The best element of Labor’s tax package is its dealing with of welfare traps and disincentives to work. The worst element is its failure to tax services. As it happens, both elements involve problems of Labor’s making.
When in government Labor, quite properly, changed the social security system so that benefits were more targeted to those who needed them. That required strong means-testing based on income. The unforeseen outcome was that as people attempted to return to the workforce or earn more income than the means test permitted they got hit with both income tax and a reduction in benefits such that it was hardly worth their while (in monetary terms) going out to work or working extra hours to earn more income. They might lose 50 per cent of what extra they earned in reduced benefits and a further 34 cents in tax — an effective marginal tax rate of 84 per cent. They were getting just 16 cents in every extra dollar earned and all plus more was going in costs of going to work — transport, work clothes, lunch on the run and so on. This acted as a welfare trap, particularly for families earning between $25,000 and $30,000. They needed a sudden leap of earned income to something like $45,000 to $50,000 to get to where they were with the earlier lower earned income combined with social security. It is likely that this is a significant contributor to higher social security outlays and to underemployment if not unemployment.

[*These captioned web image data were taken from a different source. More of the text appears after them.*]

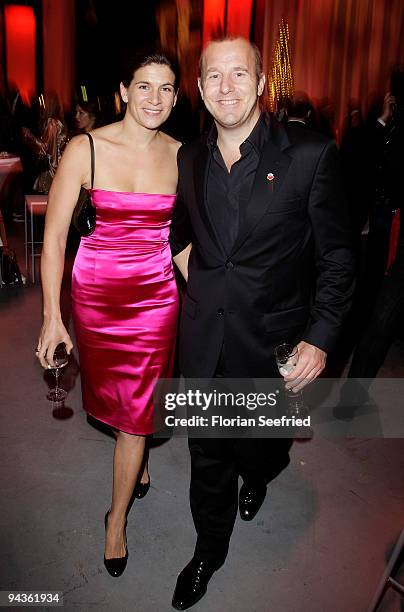 Heino Ferch and wife Marie Jeanette Ferch attend the aftershow party of 'Ein Herz fuer Kinder' Gala at Studio 20 at Adlershof on December 12, 2009 in...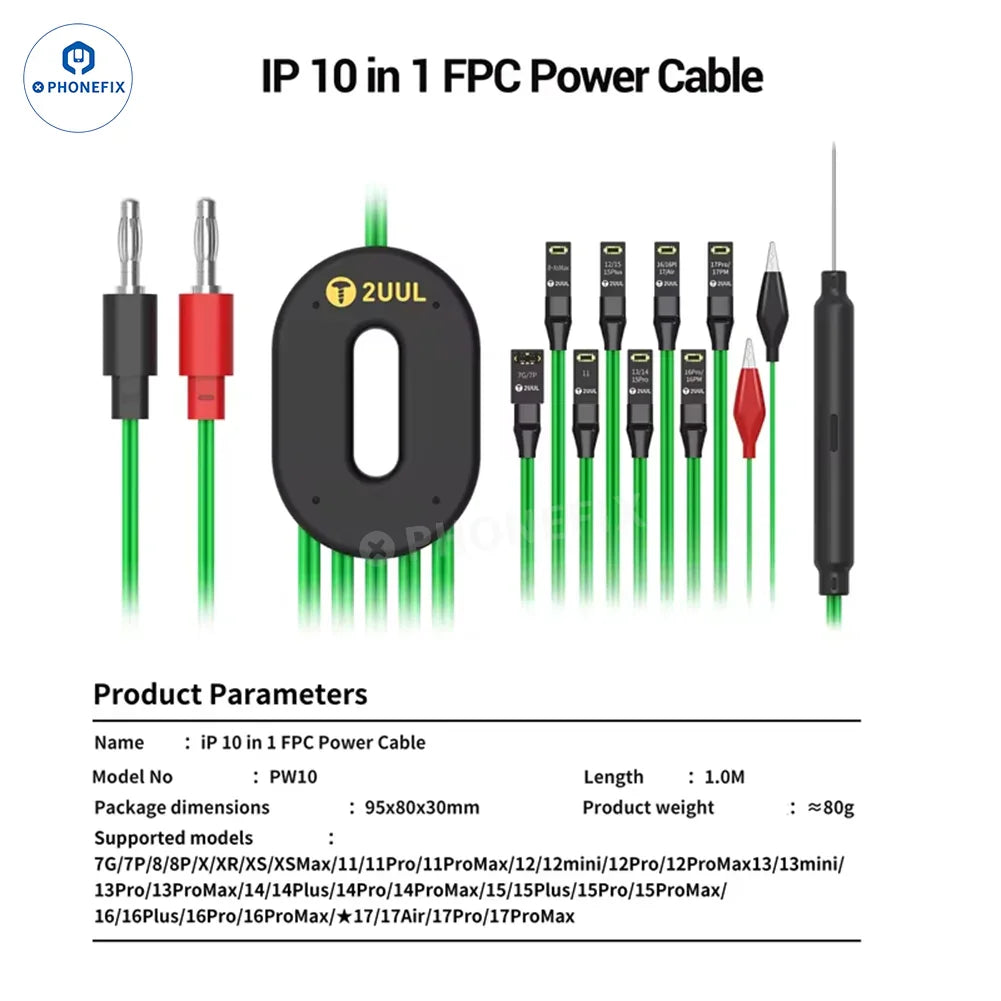 2UUL PW10 10-in-1 FPC Power Cable for iPhone 7-17 Pro Max
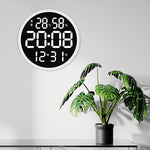 6620 Orologio da parete semplice a LED da 12 pollici Orologio elettronico rotondo silenzioso per temperatura e umidità digitale, White Frame EU Plug, Black Frame EU Plug, White Frame US Plug, Black Frame US Plug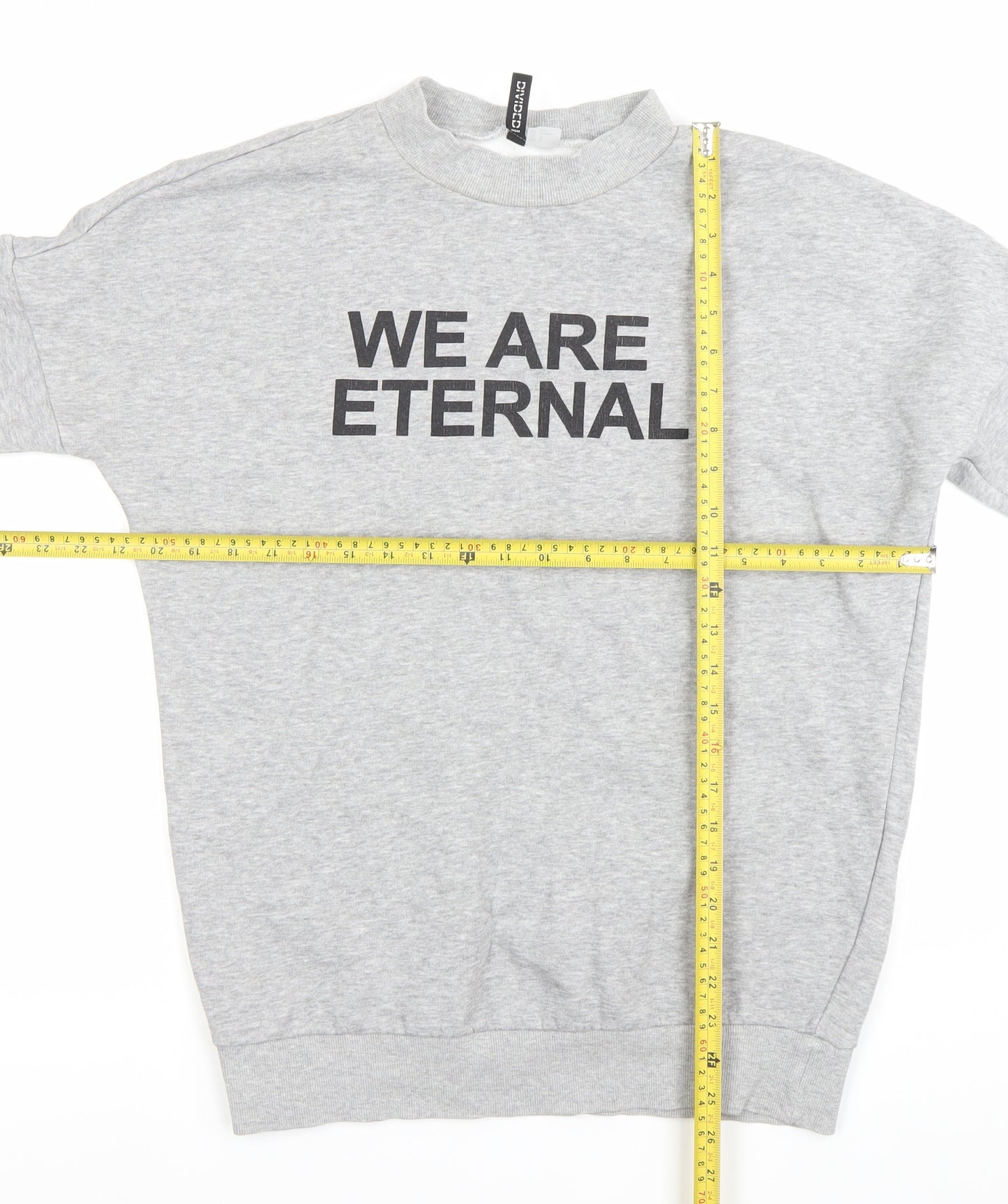 H&M Women’s Grey Pullover Sweatshirt Size 8 Graphic Print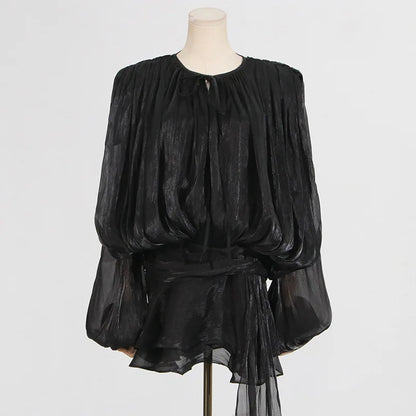 Solid Blouse Mini Dresses For Women V Neck Long Sleeve Spliced Lace up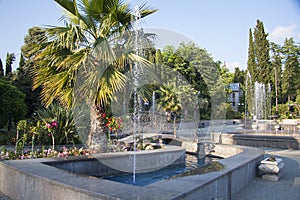 Hotel fountains in garden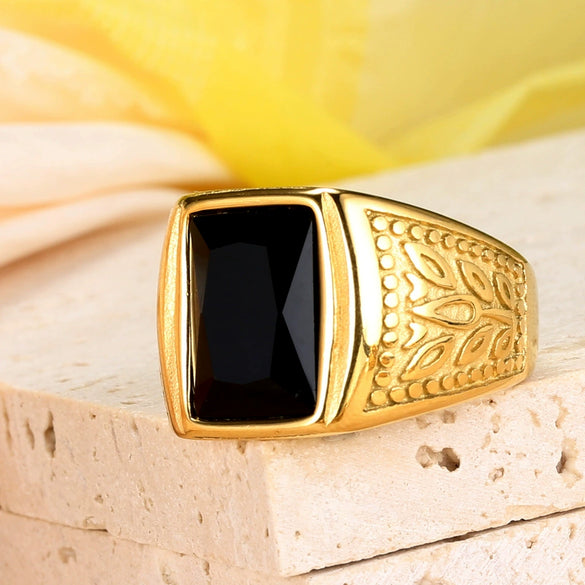 Wholesale Retro Personality Gold Geometric Pattern Titanium Steel Ring For Men And Women With Polishing Treatment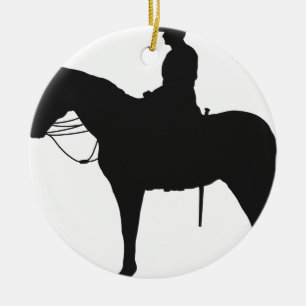 Canadian Mountie Silhouette Ceramic Tree Decoration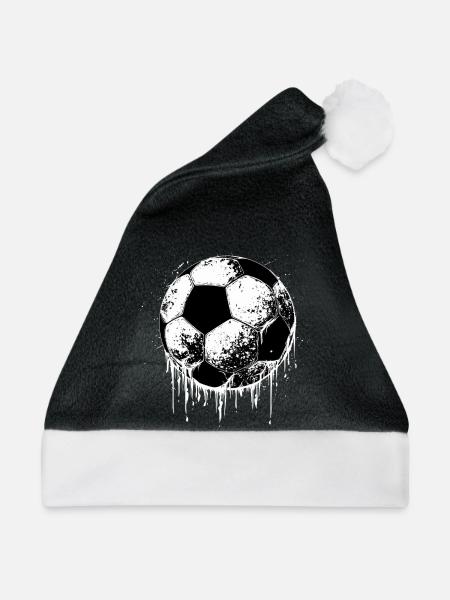 Fußball-Ball-Soccer - Weihnachtsmütze - Schwarz/Weiß - Vorne
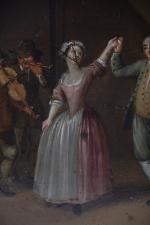 ECOLE FLAMANDE du XVIIIème ou XIXème siècle. "La danse", huile...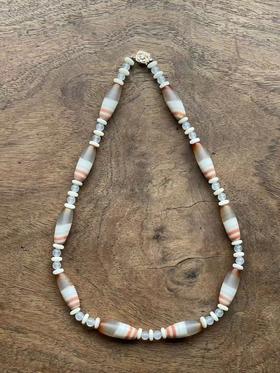 红灰白缠丝玛瑙橄榄珠项链，顺丰包邮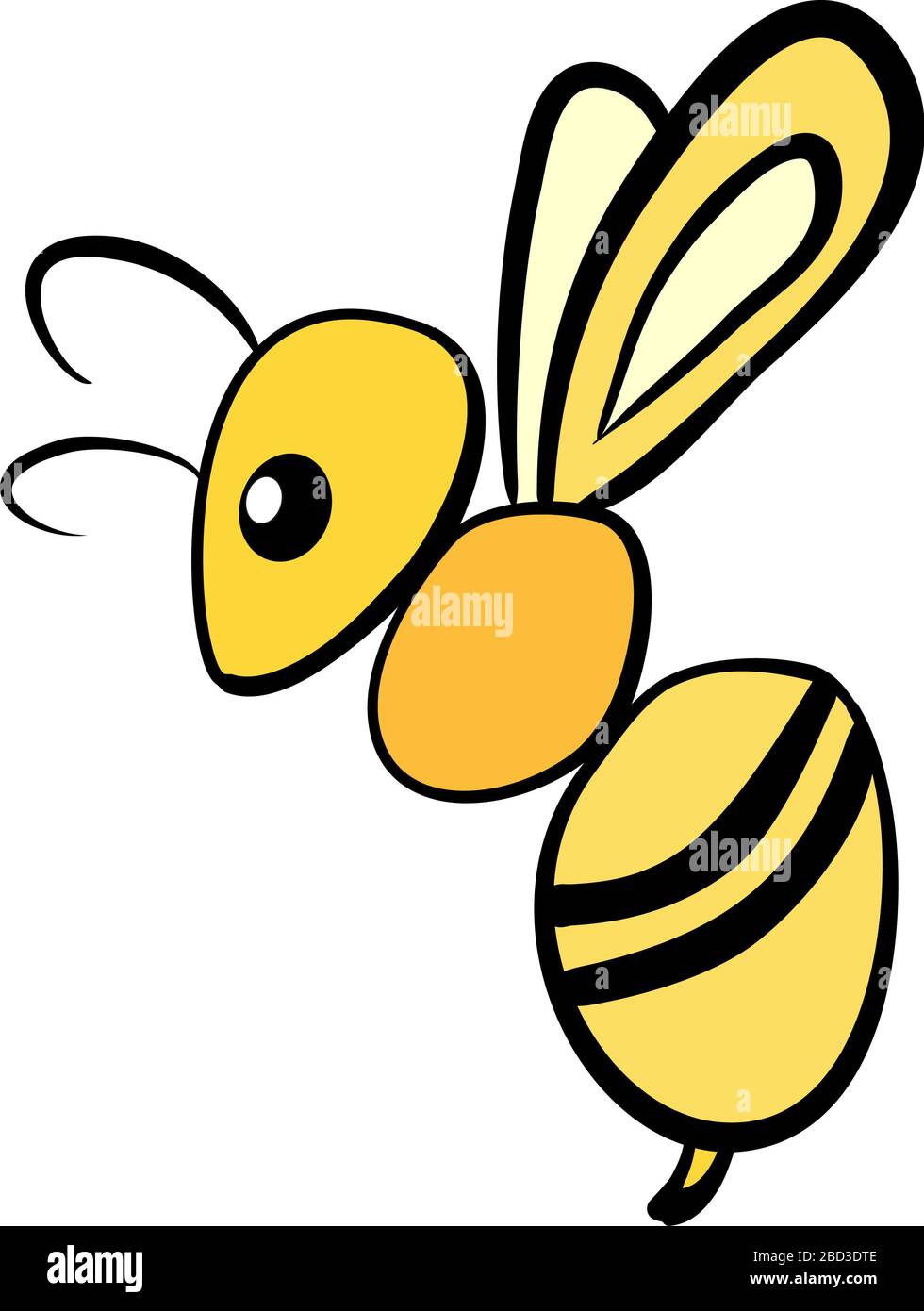Gelber Wespen-Illustration Cartoon-Stil Stockfoto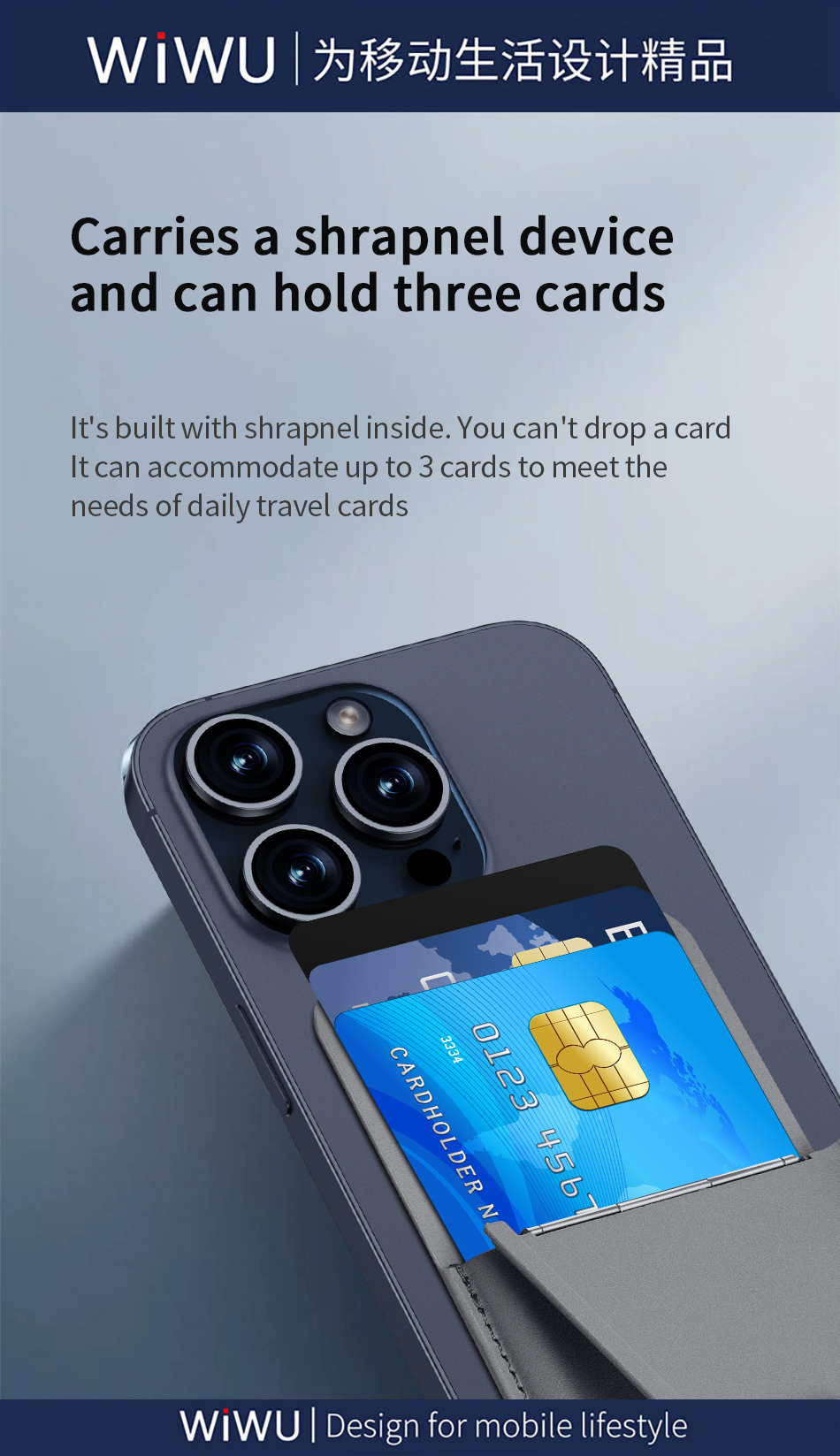 WiWU Mag Wallet MW-001 magnetická peněženka na karty se stojánkem černá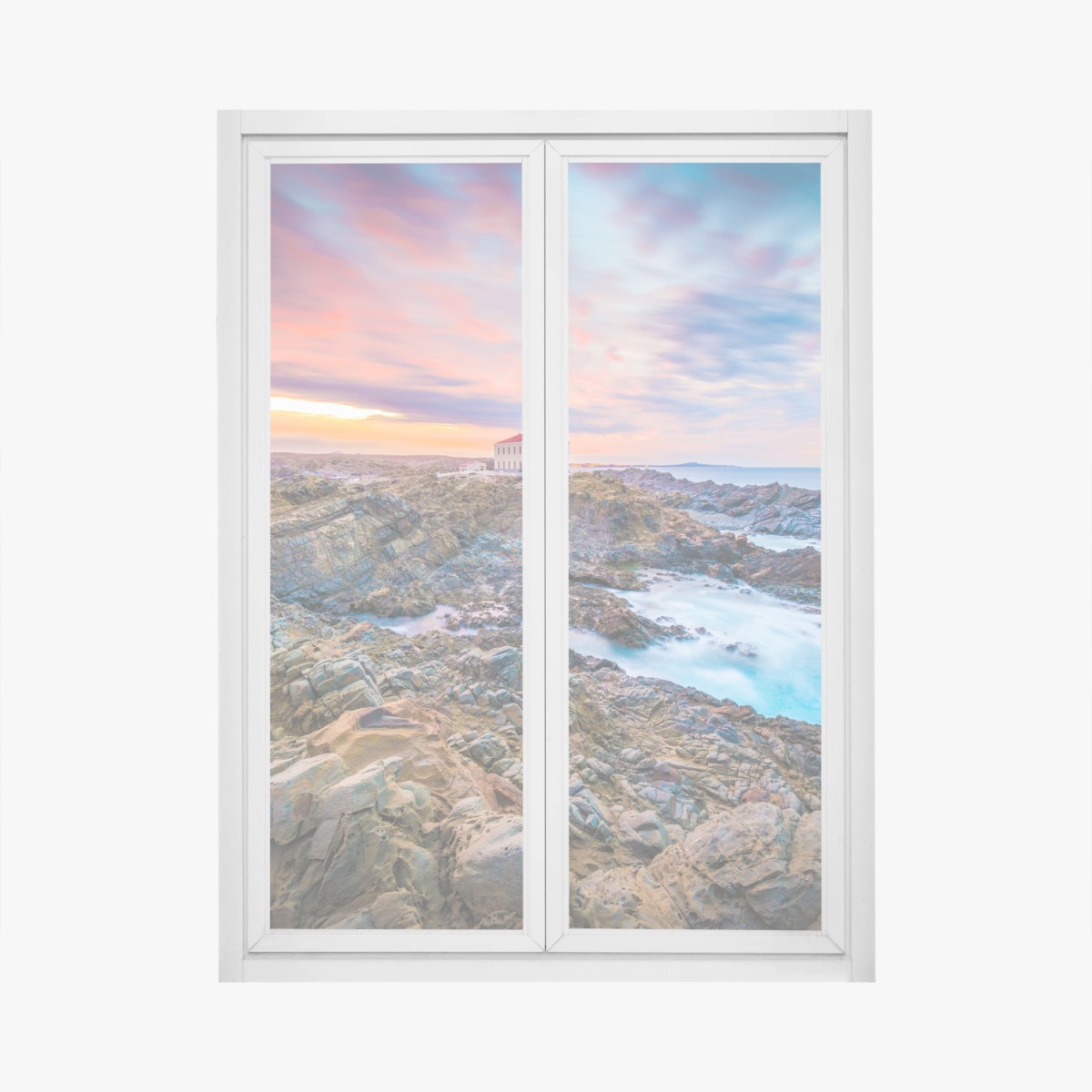Fensteraufkleber sonnenuntergang bei leuchtturm Favaritx, Menorca – Wallnifity® Fensteraufkleber sonnenuntergang bei leuchtturm Favaritx, Menorca – Wallnifity®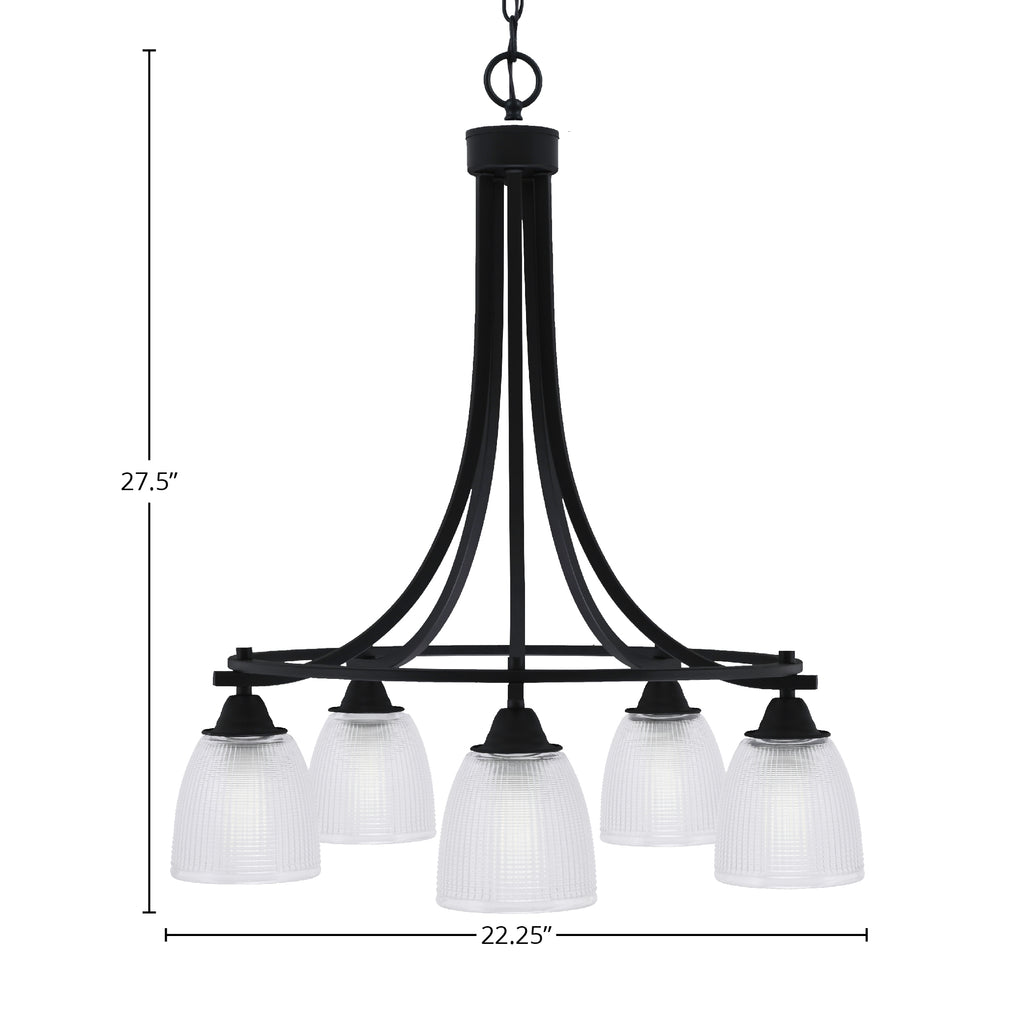 Paramount Five Light Chandelier in Matte Black with 5" Clear Ribbed Shade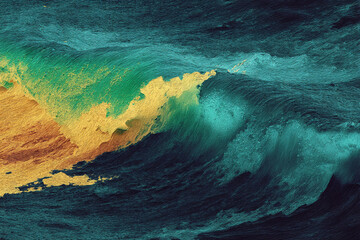 Fototapete - Abstract art depicting textured waves in teal and gold hues, creating a dynamic and energetic visual, showcasing movement and fluidity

This is a major structural flaw in Australia tax and social security systems which must be addressed urgently whichever party is in government. Indeed, the issue transcends the mere tax debate. Australia must be a place that gives incentive and opportunity to work and prosper, not a place which encourages welfare dependency.
The Coalition has attempted to redress this in its tax package by slightly tapering the cut-out rate of family allowances. Labor’s package does it better with three changes: tax credits; tax rebates and a similar tapering plan as the Coalition’s. Moreover, Labor’s tax credit and tax rebate systems help overcome one of the weaknesses of the Coalition’s package: that too much benefit goes to people earning over $50,000. The Coalition lifts the tax-free threshold and the cut-in rate of all the new tax bracket, this has the effect of reducing everyone’s tax no matter how high their income. It means people on $75,000 and above get the biggest tax cut at $4472.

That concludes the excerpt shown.